» **PROBLEM DETAILS**
Only one stretch of the records below is wanted: the lines from the one holding "Neue Wohnung mit" through the one holding "Ford Fusion 2.0L 4 2016". Return it exactly, both ends included.

Crawled caption data:
____________

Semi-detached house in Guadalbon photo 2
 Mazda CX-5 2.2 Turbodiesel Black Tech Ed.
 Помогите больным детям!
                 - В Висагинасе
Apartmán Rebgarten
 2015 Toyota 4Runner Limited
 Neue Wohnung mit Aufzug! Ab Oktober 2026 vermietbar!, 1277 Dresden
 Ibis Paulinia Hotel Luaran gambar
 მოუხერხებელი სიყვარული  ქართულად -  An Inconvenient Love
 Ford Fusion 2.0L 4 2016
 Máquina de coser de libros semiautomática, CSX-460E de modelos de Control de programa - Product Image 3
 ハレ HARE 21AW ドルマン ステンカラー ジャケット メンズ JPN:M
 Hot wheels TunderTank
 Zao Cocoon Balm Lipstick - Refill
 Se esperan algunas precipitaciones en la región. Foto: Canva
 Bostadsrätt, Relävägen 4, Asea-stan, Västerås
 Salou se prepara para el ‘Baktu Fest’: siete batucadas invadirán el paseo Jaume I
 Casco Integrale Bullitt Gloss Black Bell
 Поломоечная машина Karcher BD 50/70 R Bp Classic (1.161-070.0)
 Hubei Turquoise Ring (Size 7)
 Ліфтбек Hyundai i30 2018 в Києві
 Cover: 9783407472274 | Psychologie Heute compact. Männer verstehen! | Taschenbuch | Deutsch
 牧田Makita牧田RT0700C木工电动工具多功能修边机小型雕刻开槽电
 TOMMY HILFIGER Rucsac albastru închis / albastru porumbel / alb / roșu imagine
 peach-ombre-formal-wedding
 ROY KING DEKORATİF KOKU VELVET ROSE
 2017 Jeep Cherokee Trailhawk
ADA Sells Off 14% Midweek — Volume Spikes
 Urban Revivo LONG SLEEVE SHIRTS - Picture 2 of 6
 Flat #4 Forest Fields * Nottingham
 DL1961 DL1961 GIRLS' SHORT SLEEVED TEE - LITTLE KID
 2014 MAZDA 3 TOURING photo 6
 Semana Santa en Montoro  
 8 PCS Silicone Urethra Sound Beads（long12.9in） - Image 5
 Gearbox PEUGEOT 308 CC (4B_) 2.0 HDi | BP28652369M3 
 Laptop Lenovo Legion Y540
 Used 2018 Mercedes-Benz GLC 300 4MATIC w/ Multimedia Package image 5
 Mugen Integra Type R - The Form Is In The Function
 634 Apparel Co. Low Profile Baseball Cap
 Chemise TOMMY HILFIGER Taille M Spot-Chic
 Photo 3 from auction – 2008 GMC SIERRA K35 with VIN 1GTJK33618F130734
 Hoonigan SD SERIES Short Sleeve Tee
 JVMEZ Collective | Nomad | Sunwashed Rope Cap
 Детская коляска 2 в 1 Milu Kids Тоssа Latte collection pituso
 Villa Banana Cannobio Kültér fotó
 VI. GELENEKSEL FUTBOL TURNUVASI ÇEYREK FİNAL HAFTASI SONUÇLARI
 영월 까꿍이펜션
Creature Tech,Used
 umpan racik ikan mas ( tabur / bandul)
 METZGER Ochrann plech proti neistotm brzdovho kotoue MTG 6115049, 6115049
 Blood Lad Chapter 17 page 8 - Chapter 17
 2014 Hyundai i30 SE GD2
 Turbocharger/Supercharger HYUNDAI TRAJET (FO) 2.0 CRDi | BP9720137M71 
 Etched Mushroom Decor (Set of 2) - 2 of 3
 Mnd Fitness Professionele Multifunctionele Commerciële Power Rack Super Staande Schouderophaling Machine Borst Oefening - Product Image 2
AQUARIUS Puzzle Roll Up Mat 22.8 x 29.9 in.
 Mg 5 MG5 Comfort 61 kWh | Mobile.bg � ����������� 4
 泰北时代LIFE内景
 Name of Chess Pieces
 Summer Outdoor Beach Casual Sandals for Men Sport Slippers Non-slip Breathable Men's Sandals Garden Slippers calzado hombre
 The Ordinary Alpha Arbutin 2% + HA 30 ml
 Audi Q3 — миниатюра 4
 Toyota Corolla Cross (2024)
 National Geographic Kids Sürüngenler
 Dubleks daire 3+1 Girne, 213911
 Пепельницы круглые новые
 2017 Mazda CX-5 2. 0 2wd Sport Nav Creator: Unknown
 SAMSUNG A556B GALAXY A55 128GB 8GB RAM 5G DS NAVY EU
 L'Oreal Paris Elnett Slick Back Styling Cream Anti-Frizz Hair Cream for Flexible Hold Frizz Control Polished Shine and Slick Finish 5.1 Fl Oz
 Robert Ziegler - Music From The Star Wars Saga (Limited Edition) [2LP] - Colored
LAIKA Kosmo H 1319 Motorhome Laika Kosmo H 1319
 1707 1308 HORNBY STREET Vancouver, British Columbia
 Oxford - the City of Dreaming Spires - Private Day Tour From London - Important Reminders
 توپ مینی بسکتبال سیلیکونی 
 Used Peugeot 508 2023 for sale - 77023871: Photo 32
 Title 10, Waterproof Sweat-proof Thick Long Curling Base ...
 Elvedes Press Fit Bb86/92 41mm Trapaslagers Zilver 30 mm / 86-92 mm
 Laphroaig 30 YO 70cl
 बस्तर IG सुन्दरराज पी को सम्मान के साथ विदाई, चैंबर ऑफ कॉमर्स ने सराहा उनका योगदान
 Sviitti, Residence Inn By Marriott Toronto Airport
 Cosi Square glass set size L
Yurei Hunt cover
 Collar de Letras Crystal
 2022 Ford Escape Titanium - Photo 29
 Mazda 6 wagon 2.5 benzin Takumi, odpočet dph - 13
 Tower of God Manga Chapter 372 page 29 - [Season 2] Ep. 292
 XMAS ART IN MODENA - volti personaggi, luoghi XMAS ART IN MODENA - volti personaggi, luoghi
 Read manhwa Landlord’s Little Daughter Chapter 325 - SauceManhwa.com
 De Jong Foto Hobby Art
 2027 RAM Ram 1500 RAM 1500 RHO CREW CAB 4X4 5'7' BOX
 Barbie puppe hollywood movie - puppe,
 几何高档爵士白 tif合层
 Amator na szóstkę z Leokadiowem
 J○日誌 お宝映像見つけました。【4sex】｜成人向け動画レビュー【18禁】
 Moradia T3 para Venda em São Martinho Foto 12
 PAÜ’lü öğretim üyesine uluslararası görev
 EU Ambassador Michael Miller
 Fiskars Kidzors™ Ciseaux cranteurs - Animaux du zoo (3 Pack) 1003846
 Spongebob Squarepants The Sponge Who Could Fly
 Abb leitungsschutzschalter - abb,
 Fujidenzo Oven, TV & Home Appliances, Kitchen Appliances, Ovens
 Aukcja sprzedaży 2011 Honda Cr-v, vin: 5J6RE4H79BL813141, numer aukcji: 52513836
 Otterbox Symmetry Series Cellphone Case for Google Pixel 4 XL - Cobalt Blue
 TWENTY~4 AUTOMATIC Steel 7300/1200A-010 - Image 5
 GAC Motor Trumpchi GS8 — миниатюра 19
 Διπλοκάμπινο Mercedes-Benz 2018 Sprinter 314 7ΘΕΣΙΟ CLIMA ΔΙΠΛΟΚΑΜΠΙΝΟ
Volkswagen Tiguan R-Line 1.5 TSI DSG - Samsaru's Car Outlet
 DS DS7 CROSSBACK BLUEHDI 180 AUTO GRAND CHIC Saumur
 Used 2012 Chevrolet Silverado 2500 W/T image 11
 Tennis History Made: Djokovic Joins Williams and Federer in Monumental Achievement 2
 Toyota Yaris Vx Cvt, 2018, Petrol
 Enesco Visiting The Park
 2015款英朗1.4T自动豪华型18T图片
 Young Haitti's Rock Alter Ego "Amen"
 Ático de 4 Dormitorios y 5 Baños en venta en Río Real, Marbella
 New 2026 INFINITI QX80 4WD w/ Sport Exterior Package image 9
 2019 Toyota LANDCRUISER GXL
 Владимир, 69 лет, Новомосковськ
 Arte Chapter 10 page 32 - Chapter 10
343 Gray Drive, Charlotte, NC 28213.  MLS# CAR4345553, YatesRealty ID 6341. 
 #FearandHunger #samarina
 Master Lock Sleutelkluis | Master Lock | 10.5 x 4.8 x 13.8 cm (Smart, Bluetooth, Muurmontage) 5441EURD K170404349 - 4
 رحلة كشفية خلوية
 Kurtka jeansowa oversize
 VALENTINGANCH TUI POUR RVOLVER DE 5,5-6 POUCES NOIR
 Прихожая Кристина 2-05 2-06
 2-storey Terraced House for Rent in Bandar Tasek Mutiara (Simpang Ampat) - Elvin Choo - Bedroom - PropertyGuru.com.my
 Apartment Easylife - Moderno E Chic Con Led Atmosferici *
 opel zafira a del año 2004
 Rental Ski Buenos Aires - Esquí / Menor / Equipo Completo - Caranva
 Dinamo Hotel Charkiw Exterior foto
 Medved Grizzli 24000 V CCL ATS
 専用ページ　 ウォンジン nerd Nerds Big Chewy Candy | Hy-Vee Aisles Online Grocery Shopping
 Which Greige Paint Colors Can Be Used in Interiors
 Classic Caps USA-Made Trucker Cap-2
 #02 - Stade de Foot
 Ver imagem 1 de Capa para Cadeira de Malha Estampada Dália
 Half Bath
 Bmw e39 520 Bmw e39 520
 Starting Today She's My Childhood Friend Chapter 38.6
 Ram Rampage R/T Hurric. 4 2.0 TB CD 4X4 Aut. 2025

____________

» **RESULT**
 Neue Wohnung mit Aufzug! Ab Oktober 2026 vermietbar!, 1277 Dresden
 Ibis Paulinia Hotel Luaran gambar
 მოუხერხებელი სიყვარული  ქართულად -  An Inconvenient Love
 Ford Fusion 2.0L 4 2016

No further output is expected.